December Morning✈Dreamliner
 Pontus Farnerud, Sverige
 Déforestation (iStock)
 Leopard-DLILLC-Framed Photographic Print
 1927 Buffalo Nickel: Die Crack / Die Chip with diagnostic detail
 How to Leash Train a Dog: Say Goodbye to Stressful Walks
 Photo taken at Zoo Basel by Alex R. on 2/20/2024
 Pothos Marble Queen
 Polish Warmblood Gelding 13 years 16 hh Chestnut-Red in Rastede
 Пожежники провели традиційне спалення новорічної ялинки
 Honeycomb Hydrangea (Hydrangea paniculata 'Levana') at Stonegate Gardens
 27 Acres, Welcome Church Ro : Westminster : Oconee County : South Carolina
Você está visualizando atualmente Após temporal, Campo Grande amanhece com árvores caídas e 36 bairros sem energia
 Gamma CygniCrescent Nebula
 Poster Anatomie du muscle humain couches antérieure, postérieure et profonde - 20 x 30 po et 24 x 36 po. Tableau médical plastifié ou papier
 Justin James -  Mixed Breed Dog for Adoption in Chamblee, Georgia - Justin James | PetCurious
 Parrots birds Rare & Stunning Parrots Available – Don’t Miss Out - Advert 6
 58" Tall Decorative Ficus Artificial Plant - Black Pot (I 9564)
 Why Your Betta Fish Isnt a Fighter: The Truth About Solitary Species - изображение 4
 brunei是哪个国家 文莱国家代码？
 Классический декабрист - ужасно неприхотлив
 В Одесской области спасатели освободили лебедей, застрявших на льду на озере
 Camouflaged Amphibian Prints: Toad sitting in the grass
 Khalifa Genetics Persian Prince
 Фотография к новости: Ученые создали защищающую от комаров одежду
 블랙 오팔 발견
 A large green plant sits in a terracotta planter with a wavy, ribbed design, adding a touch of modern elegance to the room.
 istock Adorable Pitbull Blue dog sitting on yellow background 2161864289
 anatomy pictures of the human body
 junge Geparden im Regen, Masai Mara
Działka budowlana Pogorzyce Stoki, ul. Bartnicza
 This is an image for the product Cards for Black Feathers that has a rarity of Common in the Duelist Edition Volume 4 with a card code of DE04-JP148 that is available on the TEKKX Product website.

━━━━━━━━━━

__What to work on__: The lines to return are those in the material above that hold "Black".

__Exercise response__:
 58" Tall Decorative Ficus Artificial Plant - Black Pot (I 9564)
 This is an image for the product Cards for Black Feathers that has a rarity of Common in the Duelist Edition Volume 4 with a card code of DE04-JP148 that is available on the TEKKX Product website.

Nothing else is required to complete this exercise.